Data supplied:
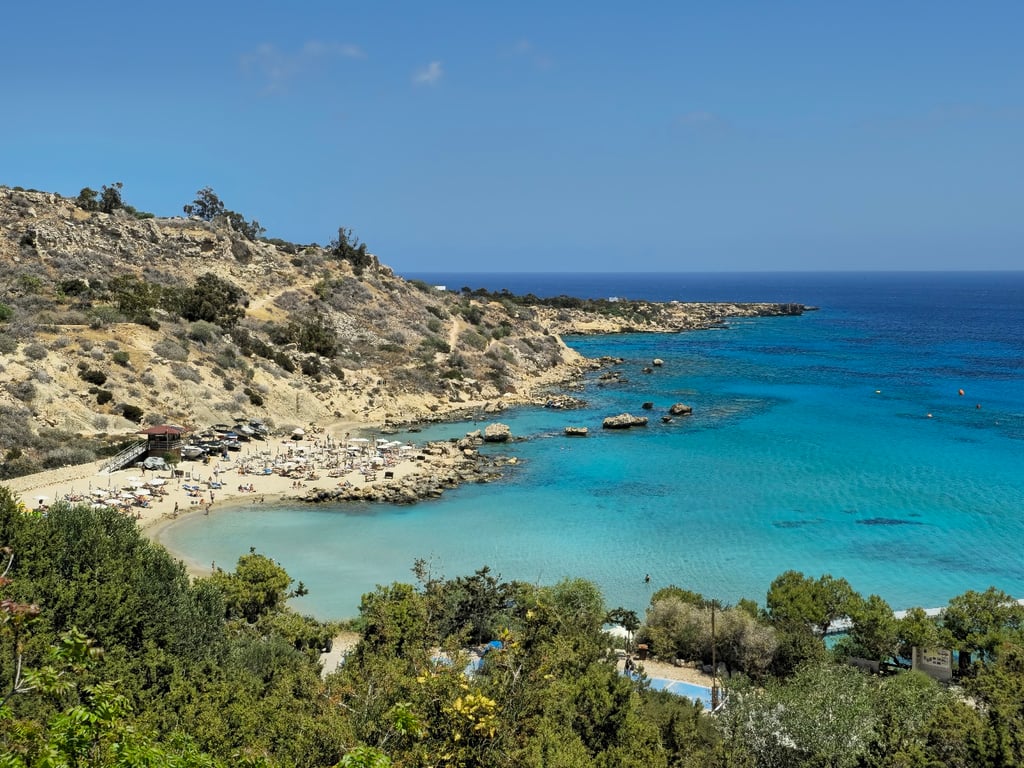 Konnos Beach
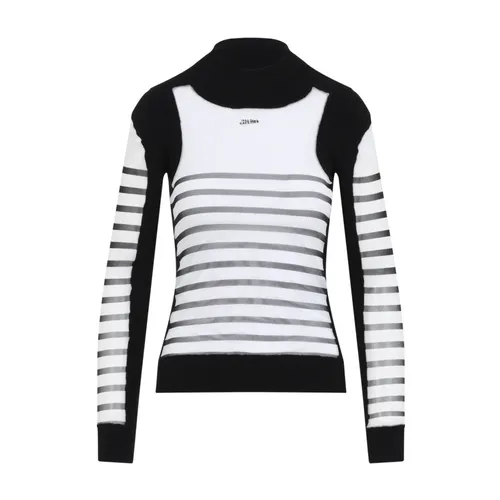 Knitwear > Turtlenecks - - Jean Paul Gaultier - Modalova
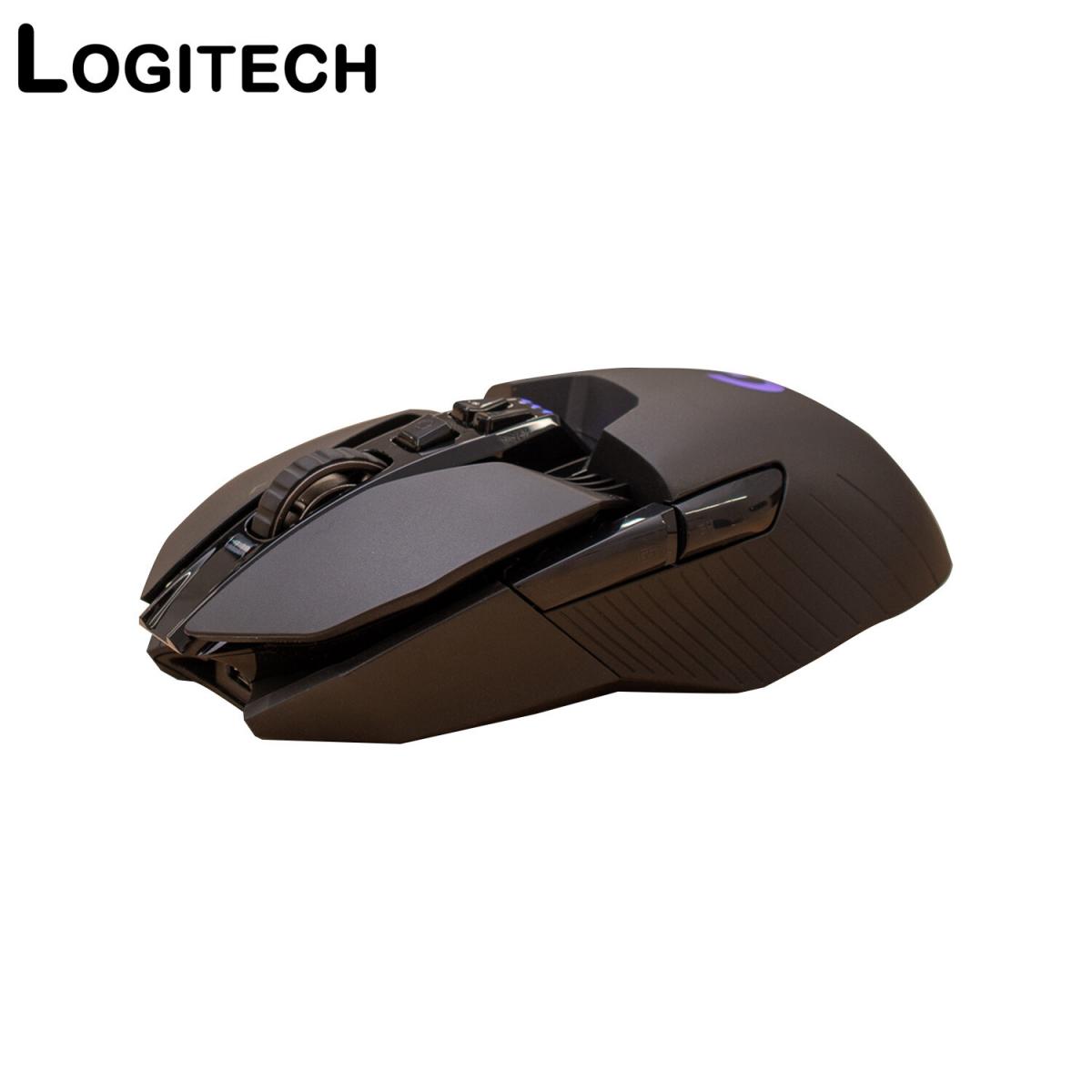 G903 LIGHTSPEED WIRELESS GAMING MOUSE WITH PMW3366 SENSOR (Parallel Goods)
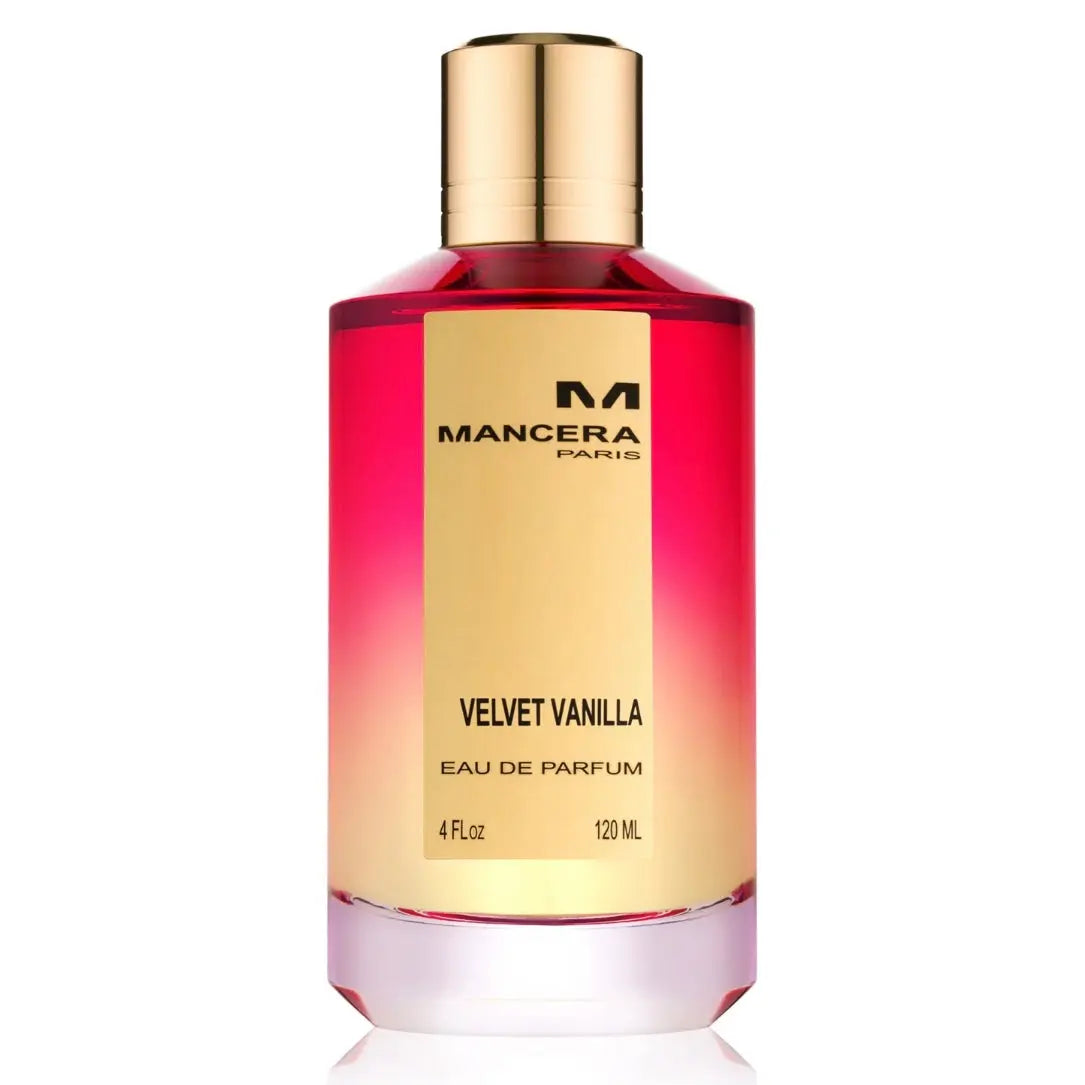 Mancera Velvet Vanilla Eau De Parfum Mancera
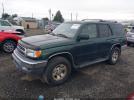 Toyota 4Runner Sr5 V6 Image 11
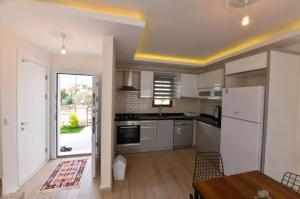 meryi ölüdeniz villa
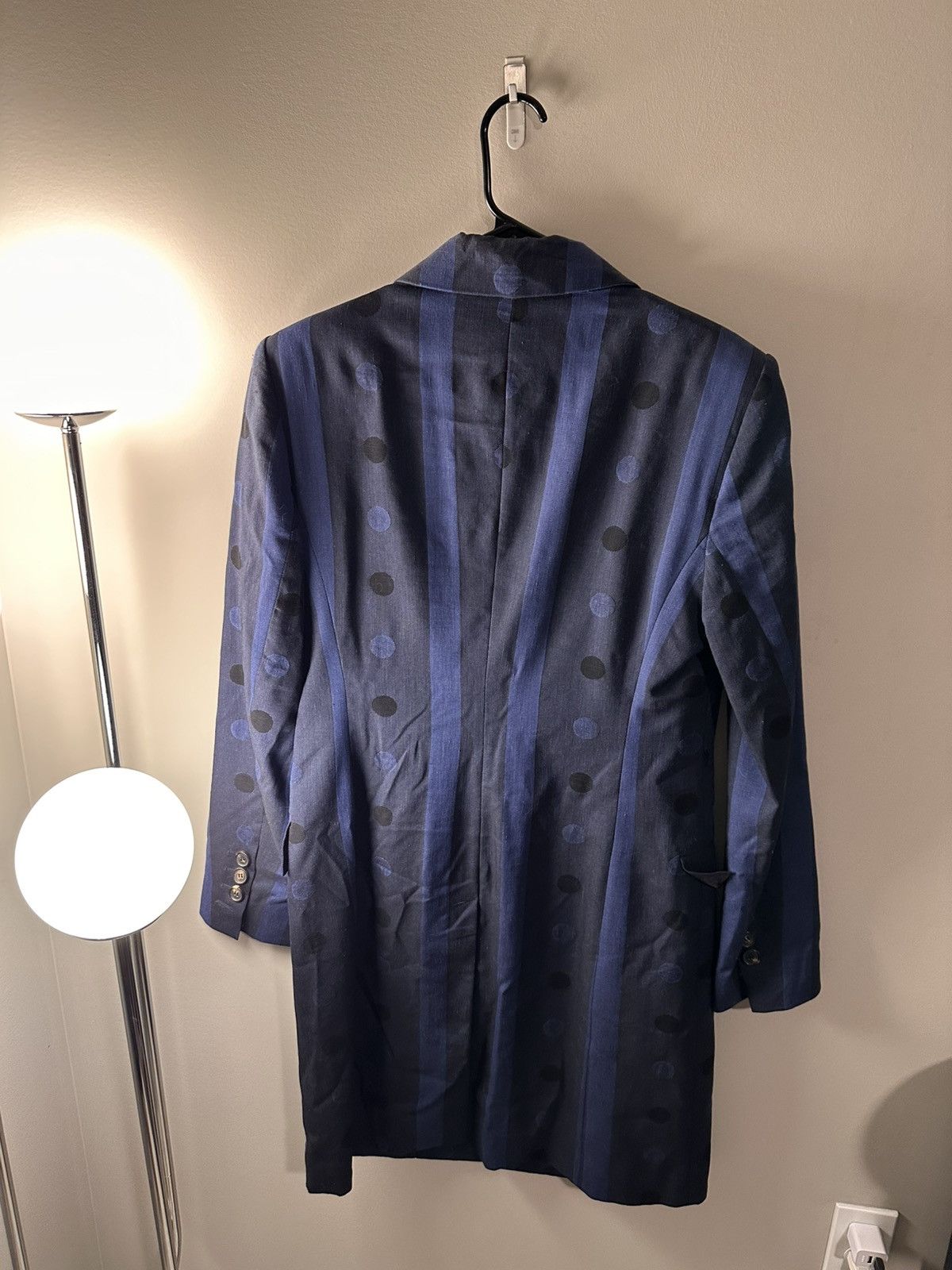 Designer × Vintage × Vivienne Westwood Vivienne Westwood Formal Blazer Size 48S - 2 Thumbnail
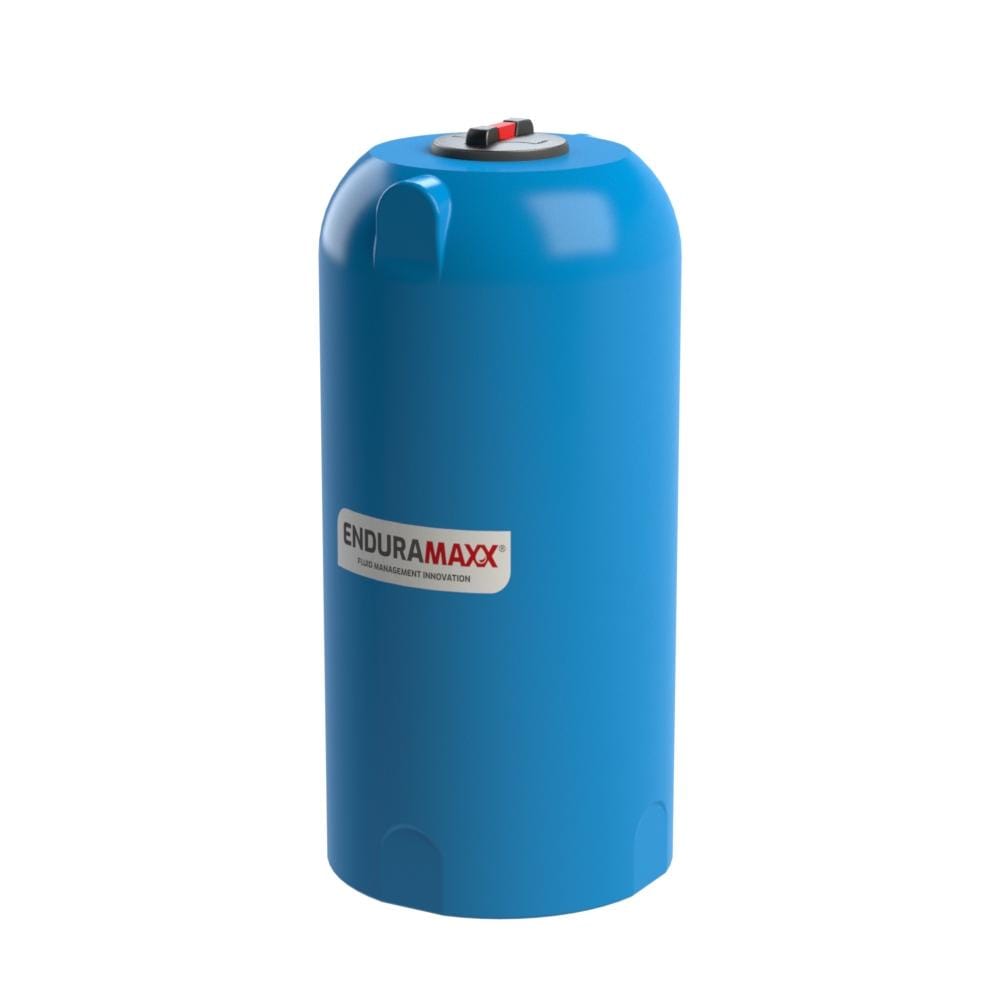 Enduramaxx 500 Litre Potable Water Tank Boat Blue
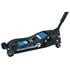 Draper Expert 70811 Evolution Trolley Jack, 3 Tonne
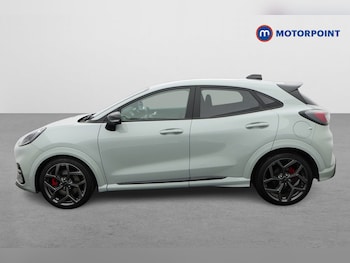Used Ford Puma 2025 for sale - 79299711: Photo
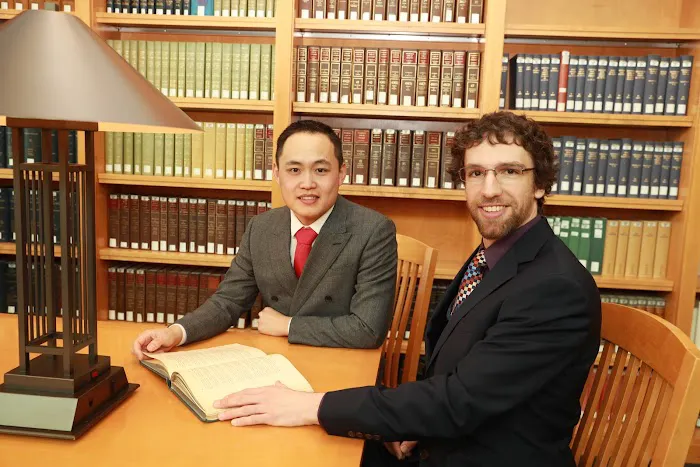 Li Law Group 6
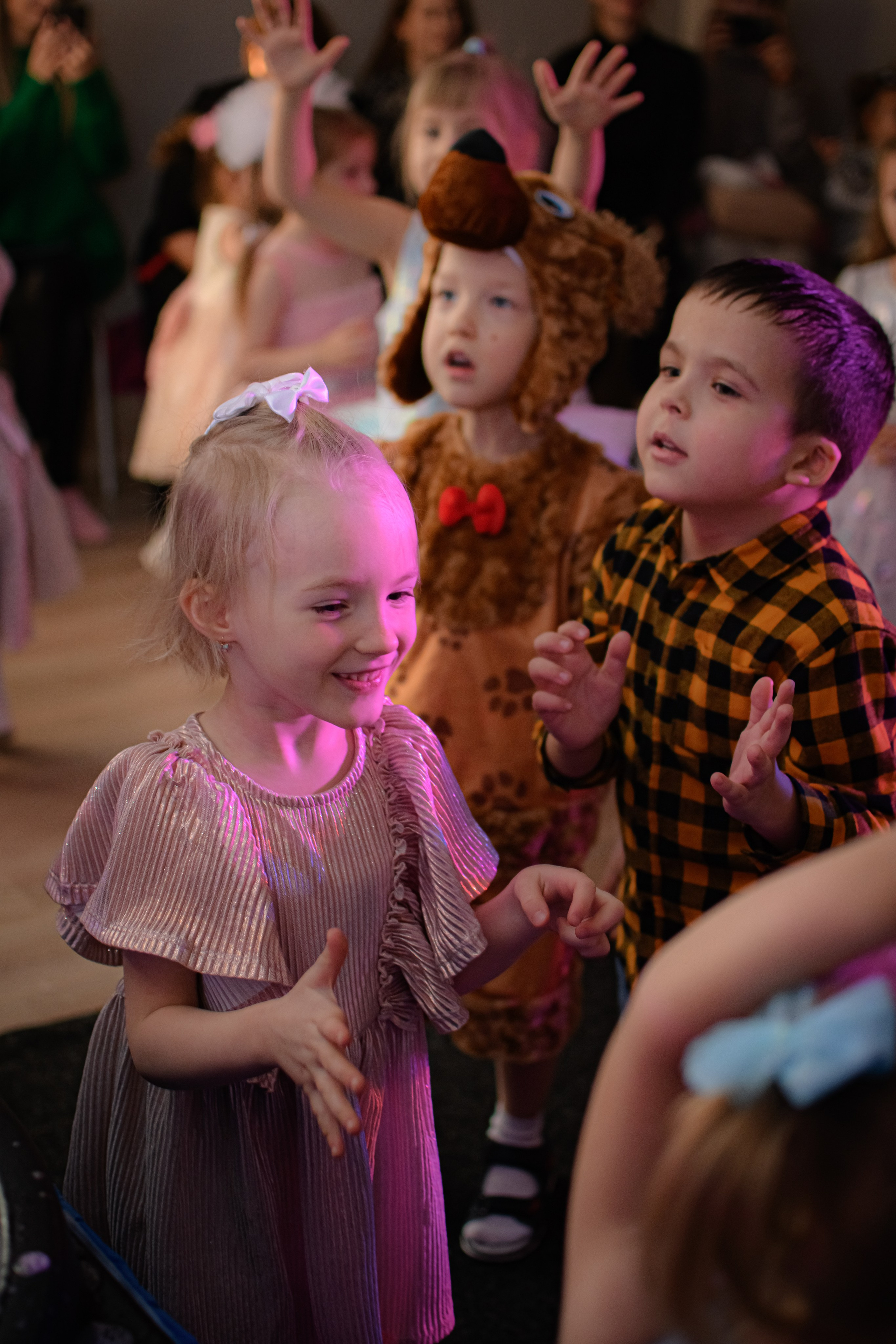 HAPPY NEW YEAR. Photokarish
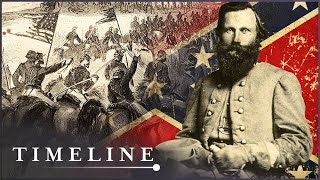 Brandy Station The Largest Cavalry Battle Of The American Civil War History Of Warfare Timeline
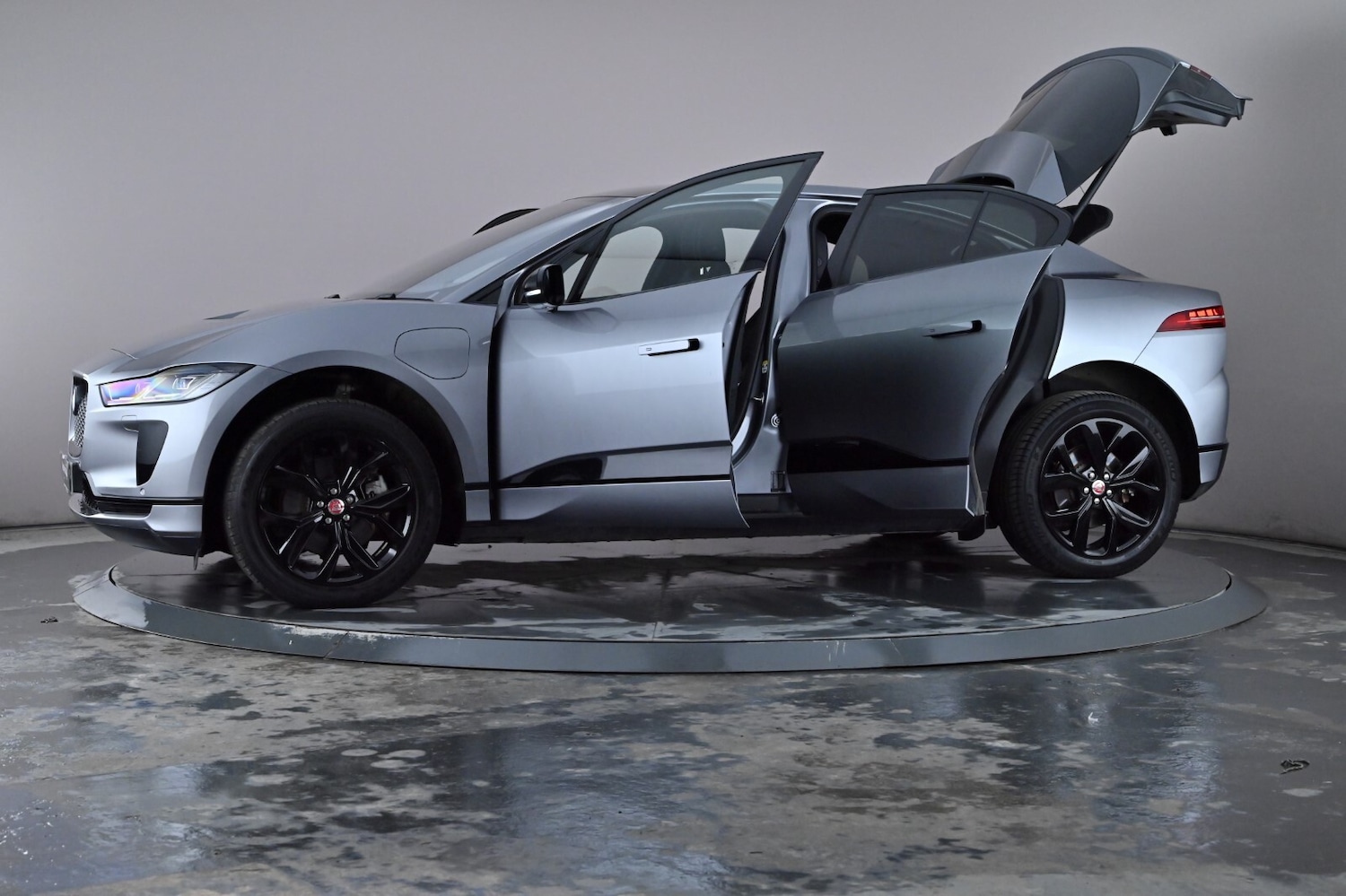 Used Jaguar I-Pace 2021 for sale - 76716461: Photo 45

Problem to work on: The whole listing must be transcribed exactly. No pictures belong in the copy.

Response area:
 Konnos Beach
 Knitwear > Turtlenecks - - Jean Paul Gaultier - Modalova
 G903 LIGHTSPEED WIRELESS GAMING MOUSE WITH PMW3366 SENSOR (Parallel Goods)
 Mancera Velvet Vanilla Eau De Parfum Mancera
 Toyota 4Runner Sr5 V6 Image 11
 meryi ölüdeniz villa
 Designer × Vintage × Vivienne Westwood Vivienne Westwood Formal Blazer Size 48S - 2 Thumbnail
 Enduramaxx 500 Litre Potable Water Tank Boat Blue
 Draper Expert 70811 Evolution Trolley Jack, 3 Tonne
Used Ford Puma 2025 for sale - 79299711: Photo
 Li Law Group 6
 HAPPY NEW YEAR. Photokarish
 Brandy Station The Largest Cavalry Battle Of The American Civil War History Of Warfare Timeline
 Used Jaguar I-Pace 2021 for sale - 76716461: Photo 45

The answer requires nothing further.